Apply knowledge and understanding

Students apply their knowledge and develop their skills by designing, carrying out and reporting on an experiment.

Make judgements

Students distinguish different purposes of experiments such as testing theories of decision-making and investigating effectiveness of learning environments. They understand and are able to judge the quality of research based on both laboratory and field experiments.

Communicate

Students know the standard presentation form for articles based on experiments. They apply this knowledge when writing a short article about and presenting orally the experiment they have carried out.

Develop learning skills

The course serves as a complement to earlier courses in System Dynamics. Through the design and analysis of experiments students get a deeper insight into decision-making. This makes them better modellers. They also develop their inclination to ask questions about and their ability to distinguish significant and insignificant assumptions in models. Students become better at asking critical questions about models and they reduce their bias towards seeking confirming evidence.
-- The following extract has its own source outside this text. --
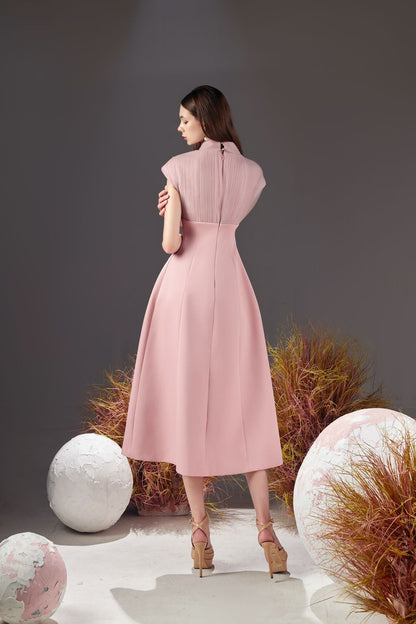 Butler A-line Pleated Chest Taffeta Silk Midi Dress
Required Previous Knowledge

None

Recommended Previous Knowledge

GEO-SD302, GEO-SD 201, or corresponding background in modelling

Access to the Course

Open. Open also for Bachelor students, Erasmus Mundus students, and visiting students.

Teaching and learning methods

Lectures and term paper advisory sessions

Early March- Mid April (lectures first 3 weeks)

9 hours (lectures), 6 hours (assistance on experiments)

3 weeks (lectures), 3 weeks (term papers)

42 hours plus work on own

Compulsory Assignments and Attendance

None

Forms of Assessment

Term paper and presentation graded (100%)

Grading Scale

Grading A-F

Assessment Semester

Spring

Course Evaluation

All courses are evaluated according to UiB's system for quality assurance of education.